How do the lines read from the one holding "Glasfaser Internet Sittensen und Scheessel" through the last line of the listing? Set them down exactly, pictures omitted.

%%

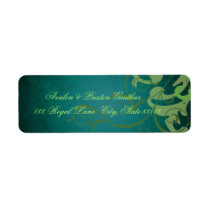 Noble Teal Texture Green Scroll Address Labels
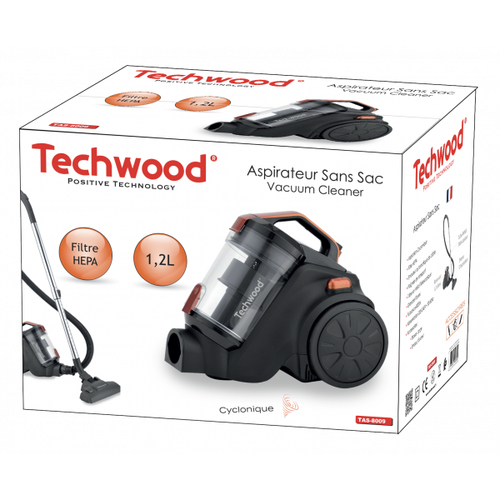 [ASPITAS8009TECH] Techwood TAS-8009 Aspirateur 1,2 L Aspirateur réservoir cylindrique Sec 800 W Sans sac
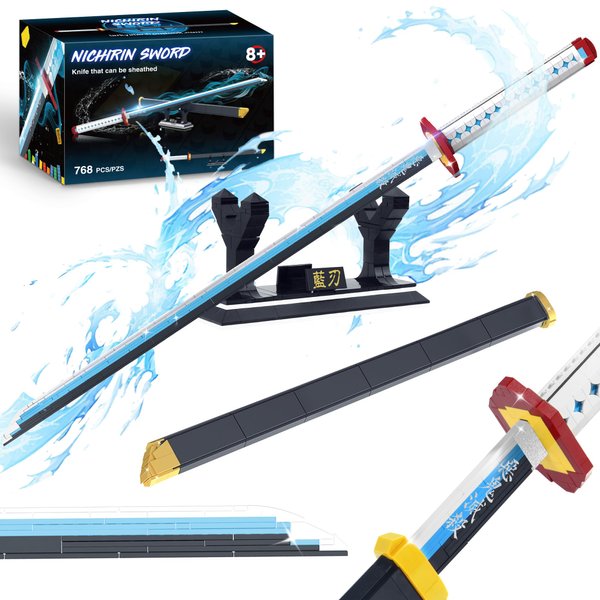 Jorumo Demon Slayer Swords Building Sets for Adults and Kids, 39in Tomioka Giyuu Sword Building Block with Scabbard and Stand, Anime Sword Building Toy Katana Demon Slayer Gift, 768 Pcs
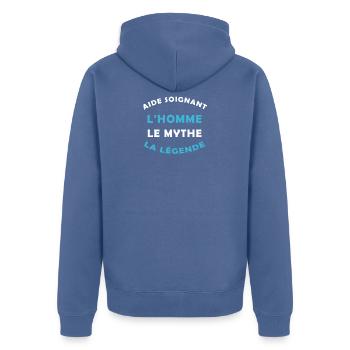 légende AIDE SOIGNANT - Veste à capuche bio Premium Unisexe - bleu pigeon - Dos - Nico (187cm)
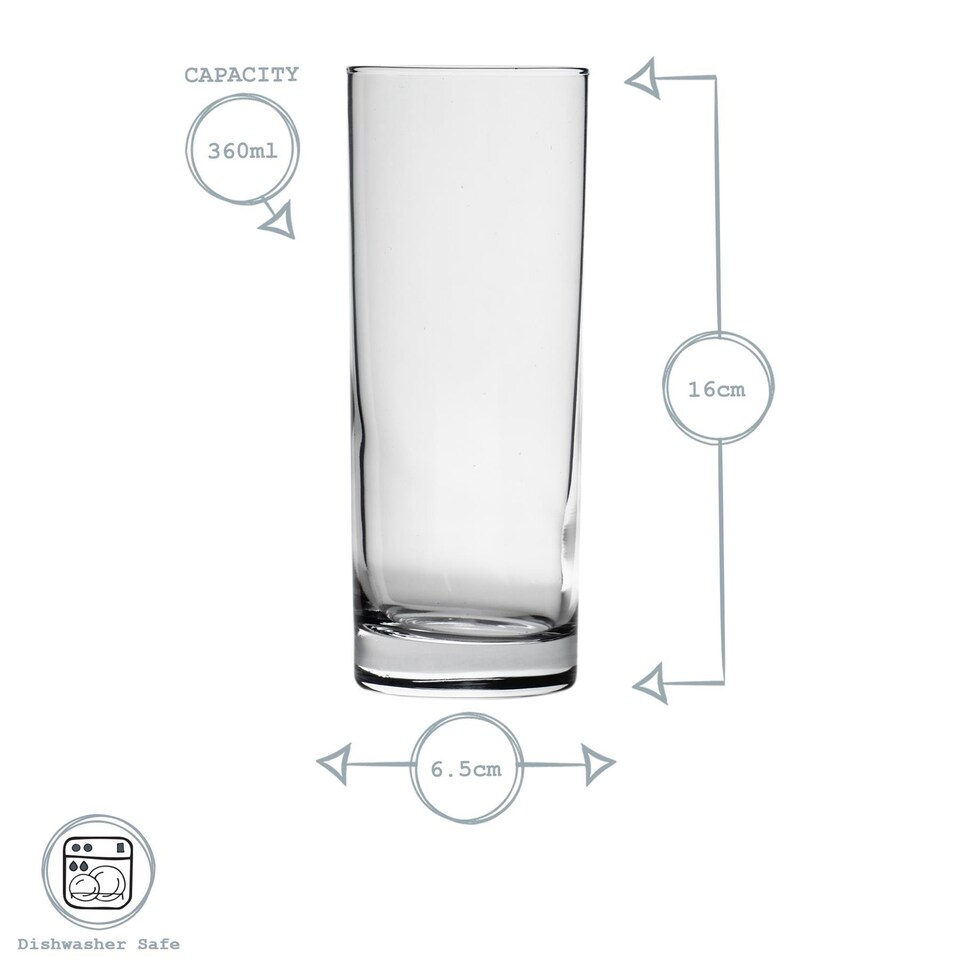 image 1 of Argon Tableware Classic Highball Glasses - 360ml - Pack of 12 | Clear | Clear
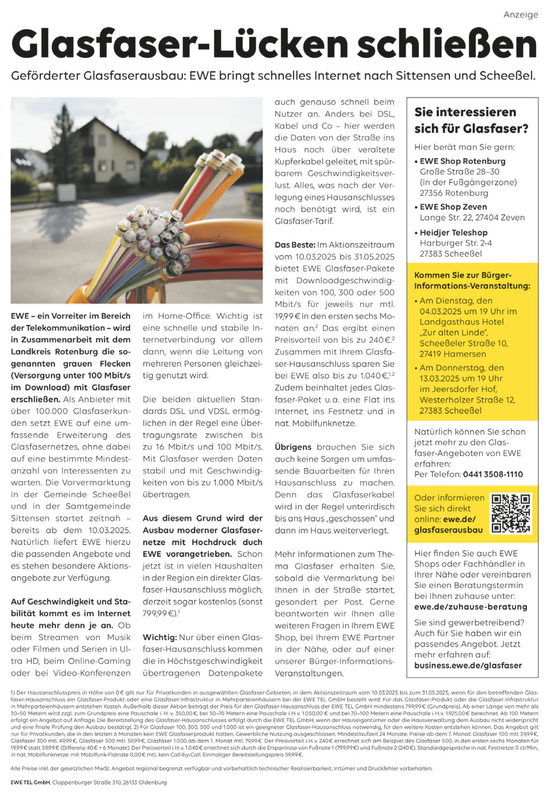 Glasfaser Internet Sittensen und Scheessel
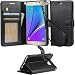 Note 5 Case, Arae Galaxy Note 5 wallet case,[Wrist Strap] Flip Folio [Kickstand Feature] PU leather wallet case with ID&Credit Card Pockets For Galaxy Note 5(Black)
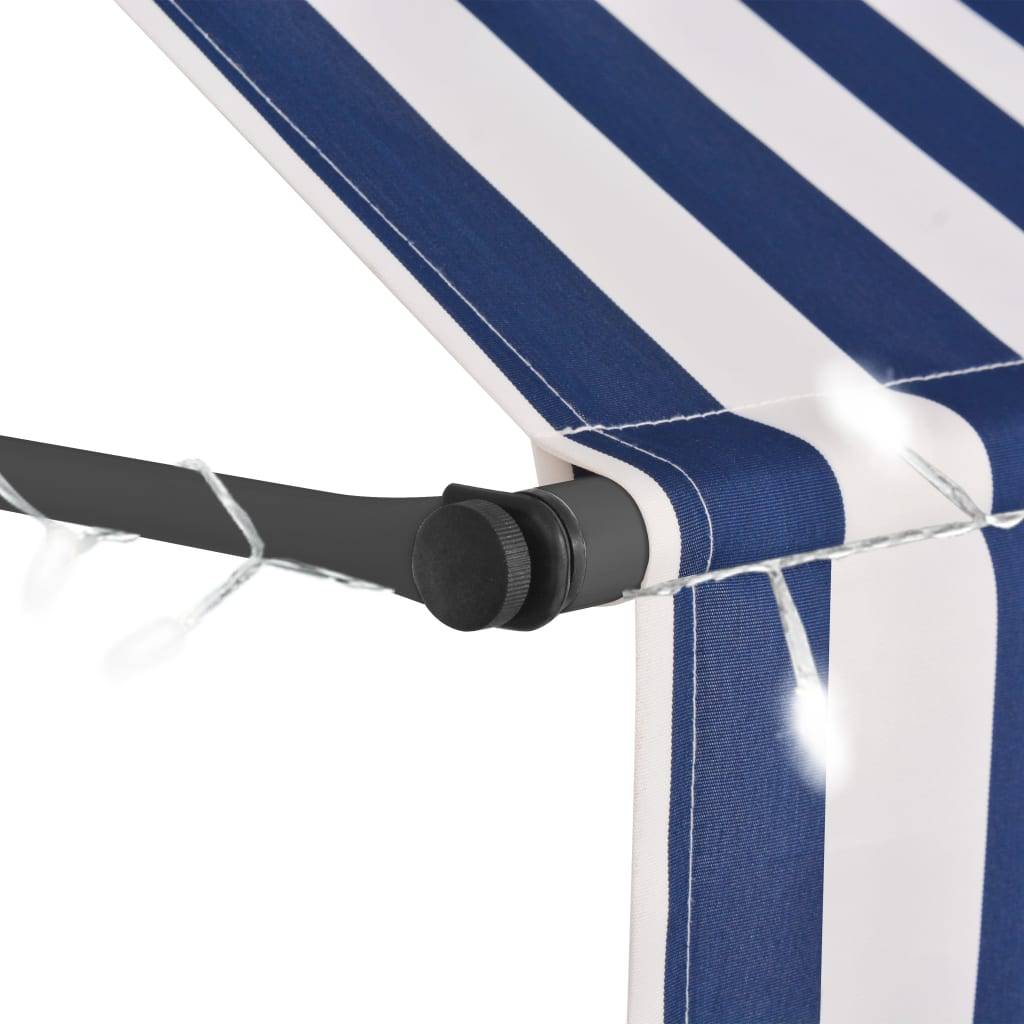 vidaXL Einziehbare Markise Handbetrieben mit LED 100 cm Blau und Weiß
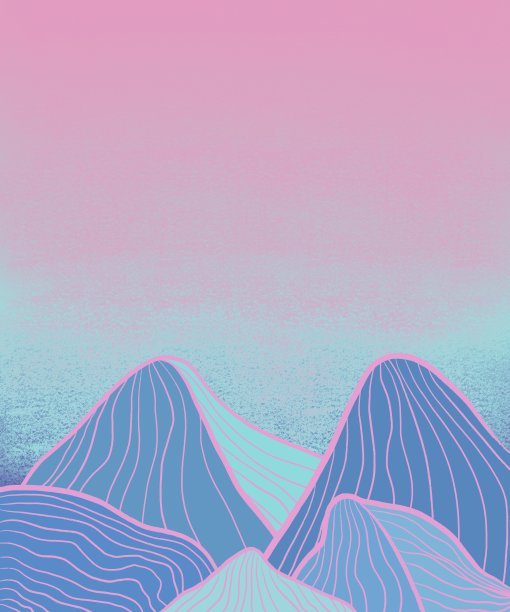 不同寻常的霓虹蓝色美丽的山景图片下载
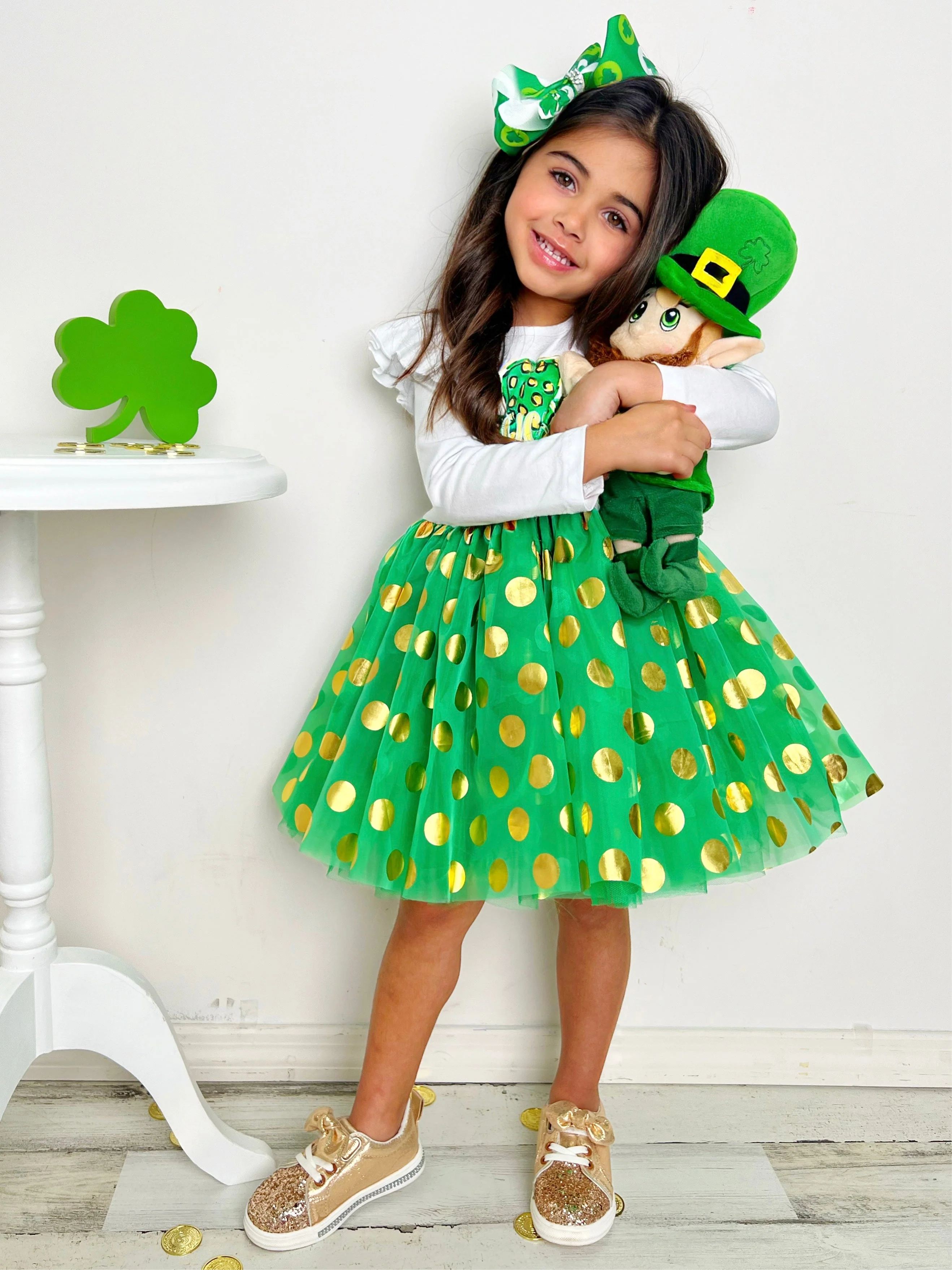 My Own Luck Golden Polka Dot Tutu Dress - Image 2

%%

▸ **YOUR RESPONSE**
 Glasfaser Internet Sittensen und Scheessel
 Note 5 Case, Arae Galaxy Note 5 wallet case,[Wrist Strap] Flip Folio [Kickstand Feature] PU leather wallet case with ID&Credit Card Pockets For Galaxy Note 5(Black)
 vidaXL Einziehbare Markise Handbetrieben mit LED 100 cm Blau und Weiß
 不同寻常的霓虹蓝色美丽的山景图片下载
 My Own Luck Golden Polka Dot Tutu Dress - Image 2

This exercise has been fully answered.